# Data supplied:
---

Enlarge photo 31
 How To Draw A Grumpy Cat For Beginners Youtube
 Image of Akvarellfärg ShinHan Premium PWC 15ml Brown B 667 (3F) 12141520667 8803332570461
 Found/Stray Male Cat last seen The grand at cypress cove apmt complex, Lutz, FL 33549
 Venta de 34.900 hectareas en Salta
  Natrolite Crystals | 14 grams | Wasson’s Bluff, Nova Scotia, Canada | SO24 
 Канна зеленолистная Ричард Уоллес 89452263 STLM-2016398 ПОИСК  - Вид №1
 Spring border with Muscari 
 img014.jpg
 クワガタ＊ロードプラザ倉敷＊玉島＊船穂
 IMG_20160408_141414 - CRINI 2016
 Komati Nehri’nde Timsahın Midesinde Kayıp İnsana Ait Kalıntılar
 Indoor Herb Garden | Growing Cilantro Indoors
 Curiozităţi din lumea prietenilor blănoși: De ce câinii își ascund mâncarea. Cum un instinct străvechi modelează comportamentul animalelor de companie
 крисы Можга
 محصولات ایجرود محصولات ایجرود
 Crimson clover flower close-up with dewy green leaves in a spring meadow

---

# Your task:
Restate verbatim all lines from the start of the data through the line containing "Indoor Herb Garden", with both ends kept.

# Output:
Enlarge photo 31
 How To Draw A Grumpy Cat For Beginners Youtube
 Image of Akvarellfärg ShinHan Premium PWC 15ml Brown B 667 (3F) 12141520667 8803332570461
 Found/Stray Male Cat last seen The grand at cypress cove apmt complex, Lutz, FL 33549
 Venta de 34.900 hectareas en Salta
  Natrolite Crystals | 14 grams | Wasson’s Bluff, Nova Scotia, Canada | SO24 
 Канна зеленолистная Ричард Уоллес 89452263 STLM-2016398 ПОИСК  - Вид №1
 Spring border with Muscari 
 img014.jpg
 クワガタ＊ロードプラザ倉敷＊玉島＊船穂
 IMG_20160408_141414 - CRINI 2016
 Komati Nehri’nde Timsahın Midesinde Kayıp İnsana Ait Kalıntılar
 Indoor Herb Garden | Growing Cilantro Indoors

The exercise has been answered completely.